■ Assignment
Only the lines from the one that includes "mommas dont let" through the last line below belong in the reply, copied exactly and without pictures.

■ Excerpted records
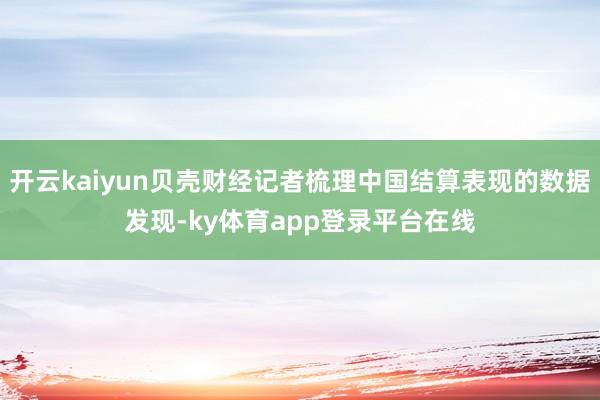 开云kaiyun贝壳财经记者梳理中国结算表现的数据发现-ky体育app登录平台在线
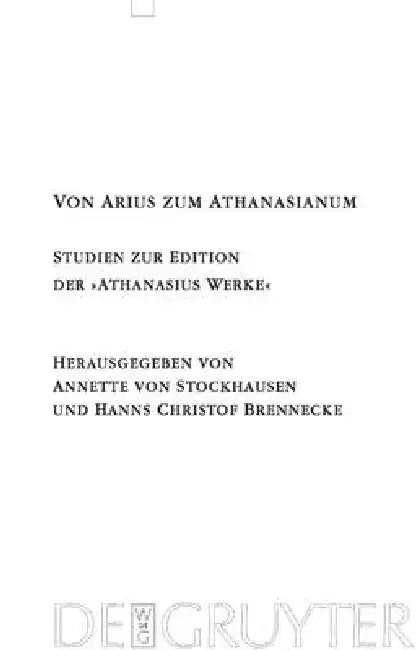Von Arius Zum Athanasianum (English, Annette Von Stockhausen | Hanns Christof Brennecke)
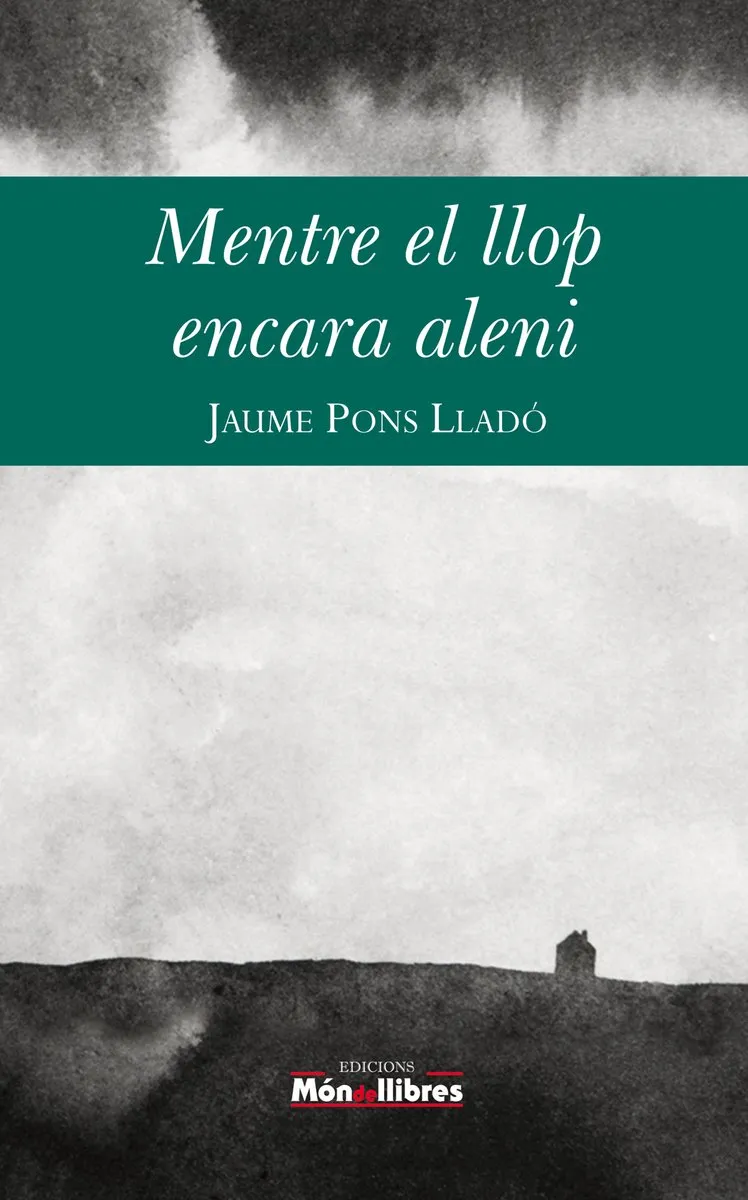 MENTRE EL LLOP ENCARA ALENI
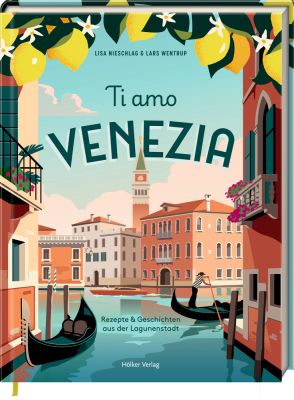 Ti Amo Venezia - Rezepte und Geschichten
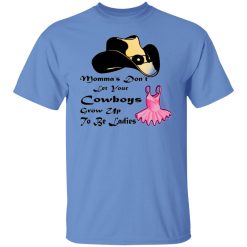 mommas dont let your cowboys grow up to be ladie t shirts hoodies long sleeve 12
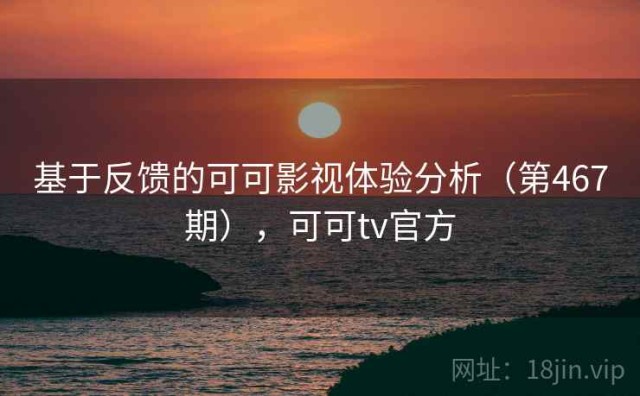 基于反馈的可可影视体验分析（第467期），可可tv官方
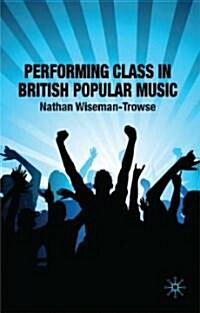 Performing Class in British Popular Music (Hardcover)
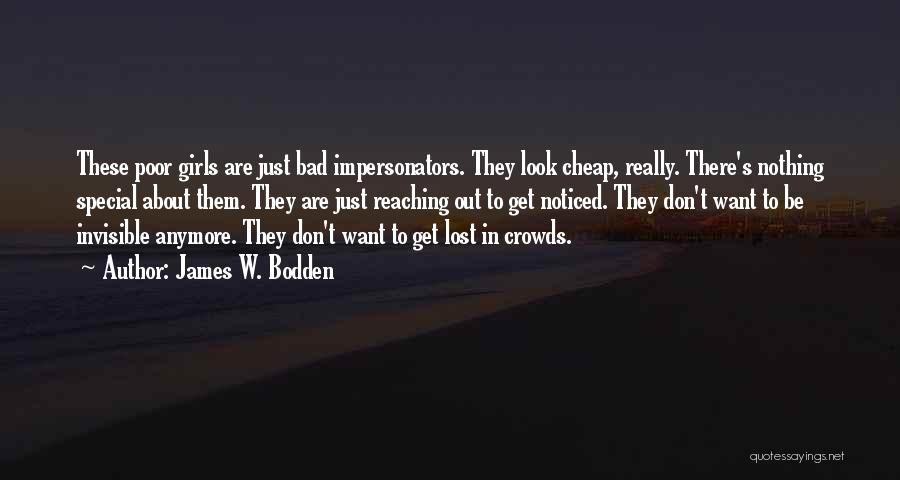 James W. Bodden Quotes: These Poor Girls Are Just Bad Impersonators. They Look Cheap, Really. There's Nothing Special About Them. They Are Just Reaching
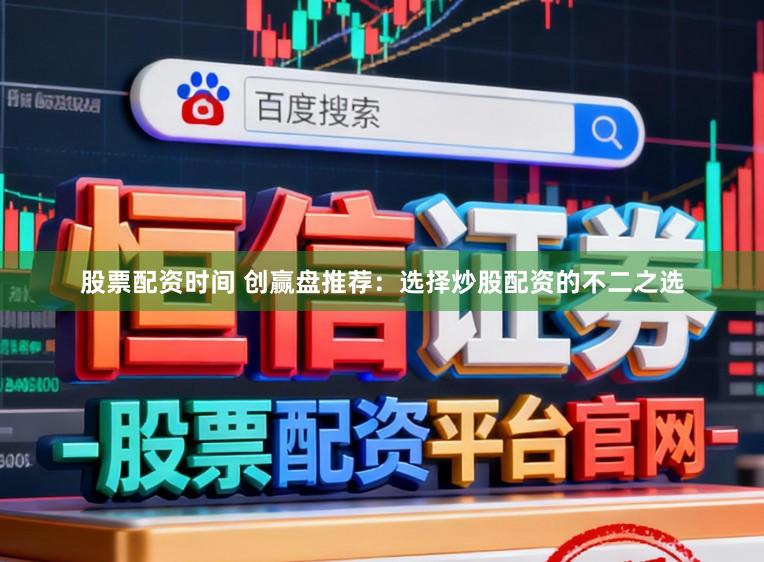 股票配资时间 创赢盘推荐:选择炒股配资的不二之选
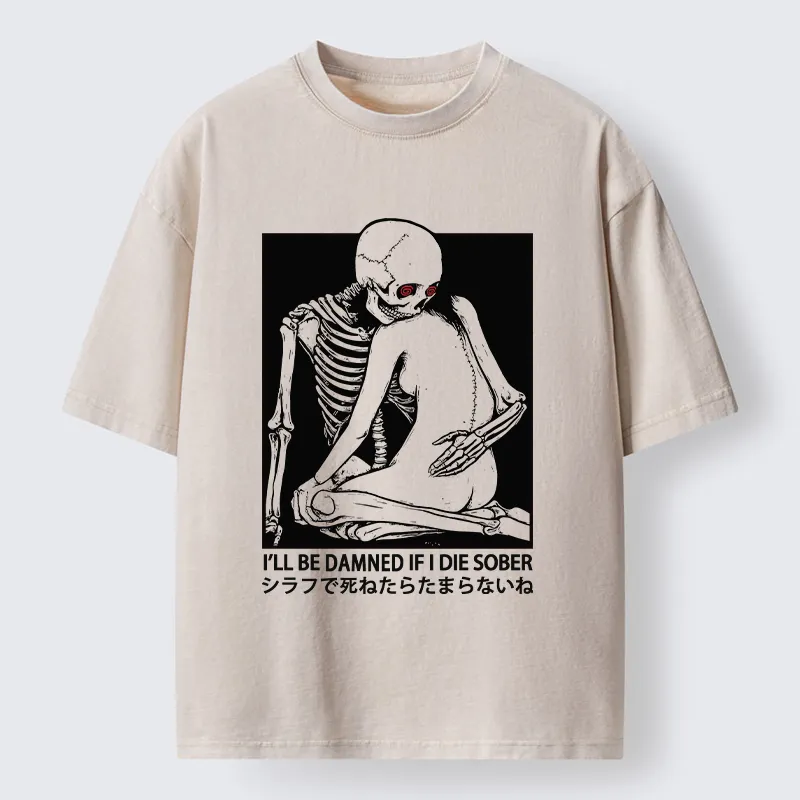 Tokyo-Tiger I Will Be Damned If I Die Sober Washed T-Shirt Sale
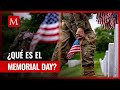 ¿Por qué se celebra el Memorial Day? Aquí 5 datos curiosos sobre esta fecha festiva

■ Response to the task
 mommas dont let your cowboys grow up to be ladie t shirts hoodies long sleeve 12
 基于反馈的可可影视体验分析（第467期），可可tv官方
 Performing Class in British Popular Music (Hardcover)
 James W. Bodden Quotes: These Poor Girls Are Just Bad Impersonators. They Look Cheap, Really. There's Nothing Special About Them. They Are Just Reaching
 股票配资时间 创赢盘推荐:选择炒股配资的不二之选
 Tokyo-Tiger I Will Be Damned If I Die Sober Washed T-Shirt Sale
 ¿Por qué se celebra el Memorial Day? Aquí 5 datos curiosos sobre esta fecha festiva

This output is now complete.